* Exercise goal
Skip the pictures and retype exactly the lines from the one holding "Woolf Traingle of Rabbit and Cod" through the end of the entries.

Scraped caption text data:
<<<<

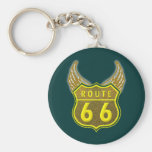 Route 66 key chains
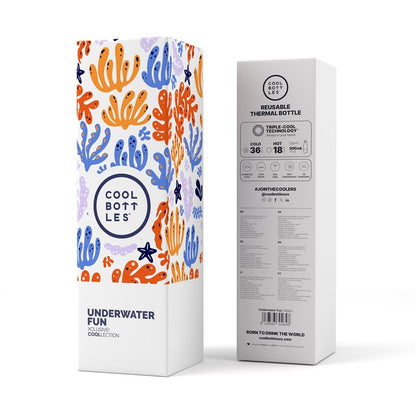 Botella térmica 500ml Xclusive Nebula Underwater Fun - Cool Bottles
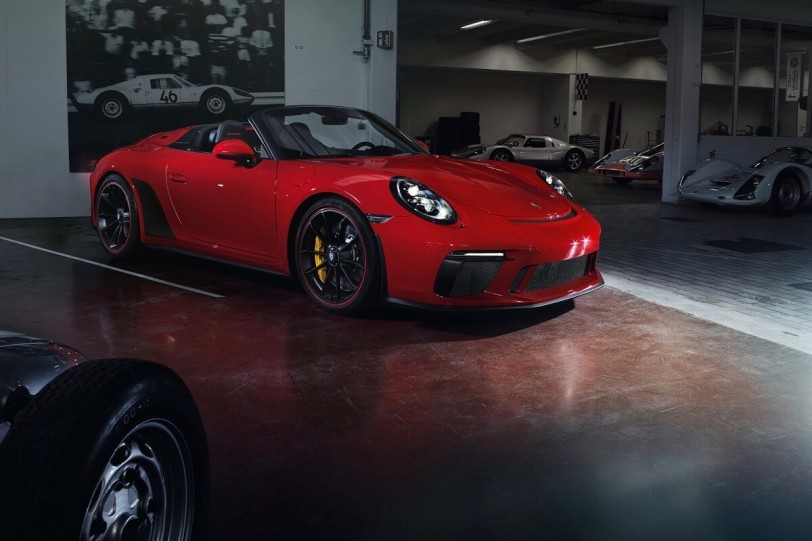 全新Porsche 911 Speedster開始投產！並公佈正式售價(內有美聲影片)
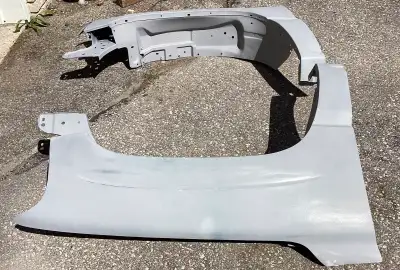 Selling a set of front fenders for a 2006 GMC Sierra 1500. These are used, already primed, and almos...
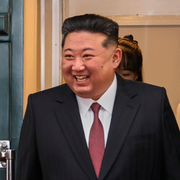 Xi Jinping, Kim Jong-Un och Vladimir Putin. 
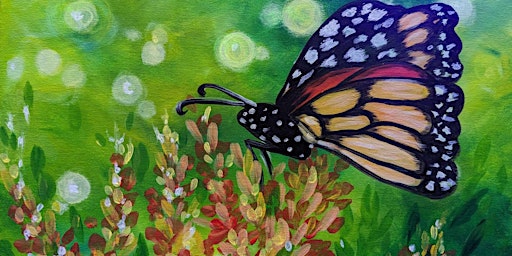 Monarch Meadow - Paint and Sip by Classpop!™  primärbild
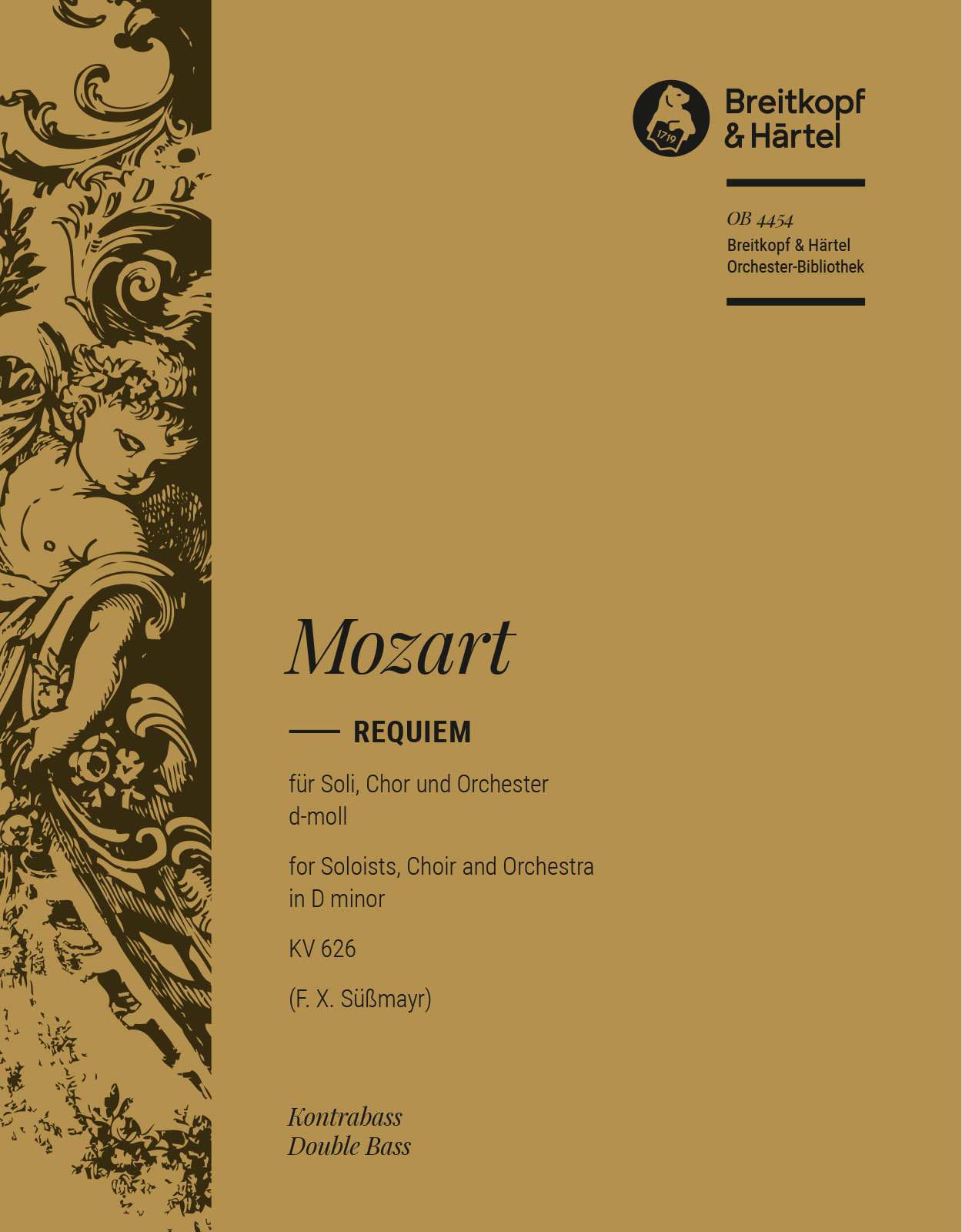 Front Cover Image Requiem d-moll KV 626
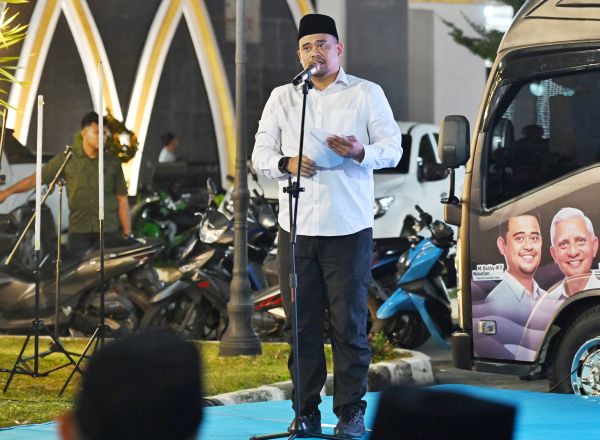 Tata Kota Sumut Dibenahi, Gubernur Instruksikan Kabel Diturunkan dan Billboard Diganti Videotron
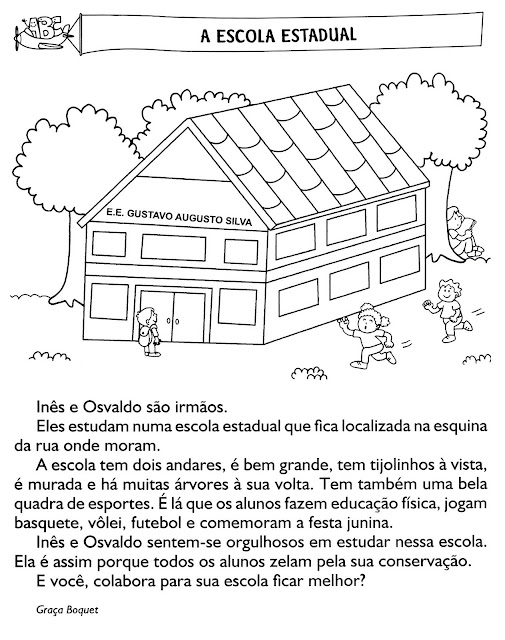 Atividades português 5 ano interpretação de texto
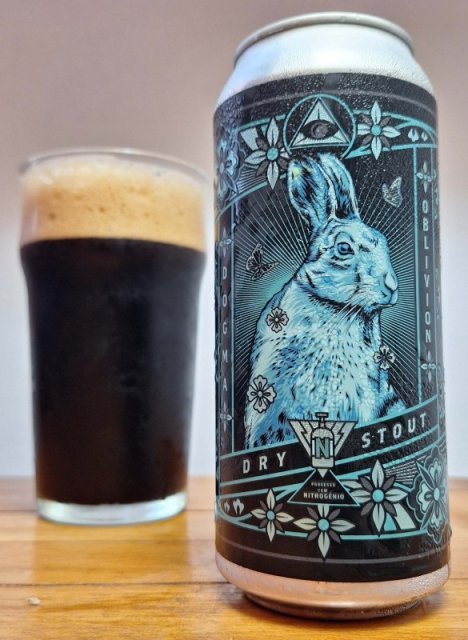 Dogma From Rejection to Oblivion Dry Stout 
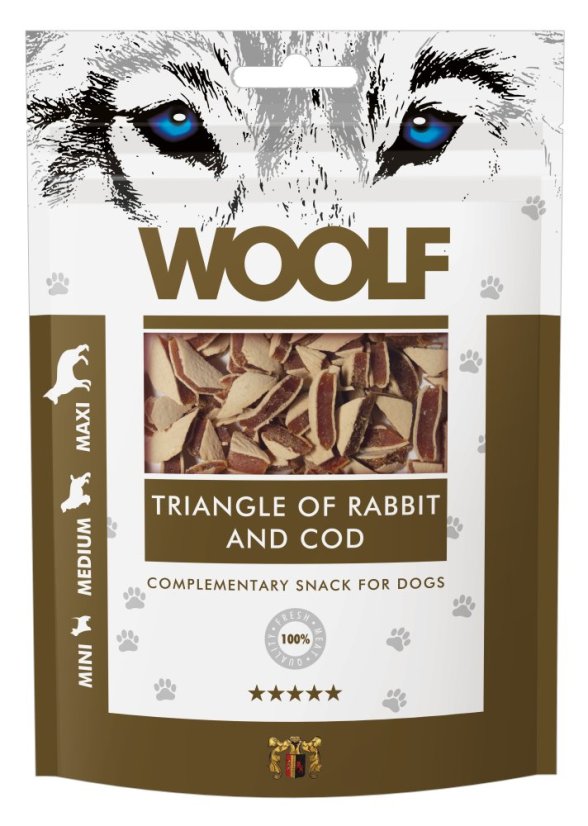 Woolf Traingle of Rabbit and Cod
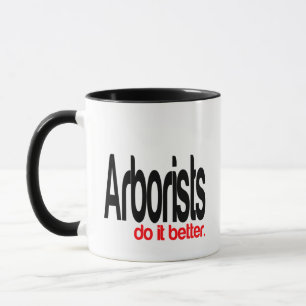 Taza Arboristas lo hacen mejor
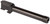 SilencerCo AC864 Black Nitride Stainless 5" Threaded Barrel 9mm, Glock 17 Gen 1-4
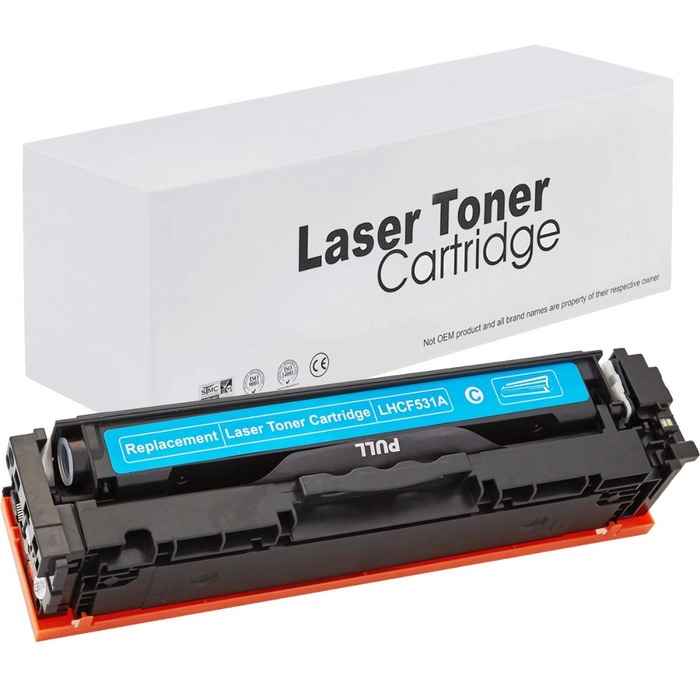 Συμβατό Toner HP CF531A Cyan Συμβατό Toner HP CF531A Cyan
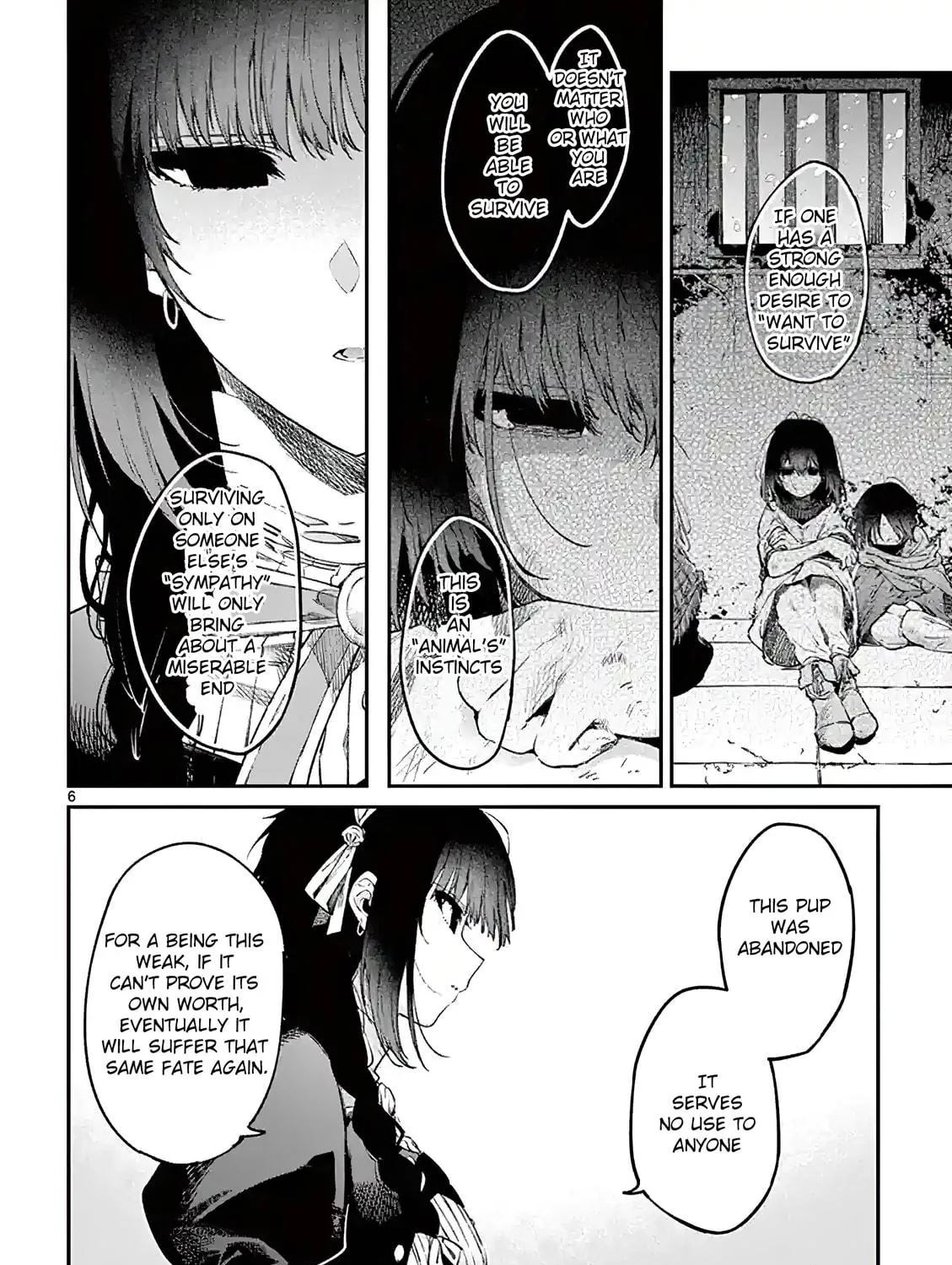 You are Ms. Servant. Chapter 4.5 page 11 - 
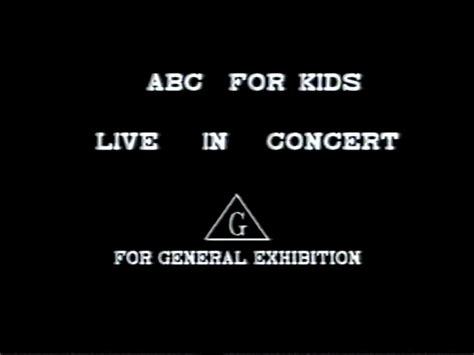 ABC Kids Live On Stage 的图像结果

>>>>

* Expected answer
 Woolf Traingle of Rabbit and Cod
 Taza Arboristas lo hacen mejor
 SilencerCo AC864 Black Nitride Stainless 5" Threaded Barrel 9mm, Glock 17 Gen 1-4
 Συμβατό Toner HP CF531A Cyan Συμβατό Toner HP CF531A Cyan
 You are Ms. Servant. Chapter 4.5 page 11 - 
 ABC Kids Live On Stage 的图像结果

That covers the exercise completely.